In the absence of an electric field, all of these states possess the same energy, $E_{200}$ . The first-order energy-shifts induced by an electric field are given by

$${\mit\Delta} E_1 = +3\,e\,a_0\, \vert{\bf E}\vert,$$ (675)

$${\mit\Delta} E_2 = -3\,e\,a_0 \,\vert{\bf E}\vert,$$ (676)

$${\mit\Delta} E_3 = 0,$$ (677)

$${\mit\Delta} E_4 = 0.$$ (678)

Thus, the energies of states 1 and 2 are shifted upwards and downwards, respectively, by an amount $3\,e\,a_0\, \vert{\bf E}\vert$ in the presence of an electric field. States 1 and 2 are orthogonal linear combinations of the original $2s$ and $2p(m=0)$ states. Note that the energy-shifts are linear in the electric field-strength, so this is a much larger effect that the quadratic effect described in Section 7.4. The energies of states 3 and 4 (which are equivalent to the original $2p(m=1)$ and $2p(m=-1)$ states, respectively) are not affected to first order. Of course, to second order the energies of these states are shifted by an amount that depends on the square of the electric field-strength.

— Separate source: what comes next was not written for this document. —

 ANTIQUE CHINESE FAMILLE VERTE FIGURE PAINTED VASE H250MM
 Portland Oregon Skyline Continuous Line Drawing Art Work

Note that the linear Stark effect depends crucially on the degeneracy of the $2s$ and $2p$ states. This degeneracy is a special property of a pure Coulomb potential, and, therefore, only applies to a hydrogen atom. Thus, alkali metal atoms do not exhibit the linear Stark effect.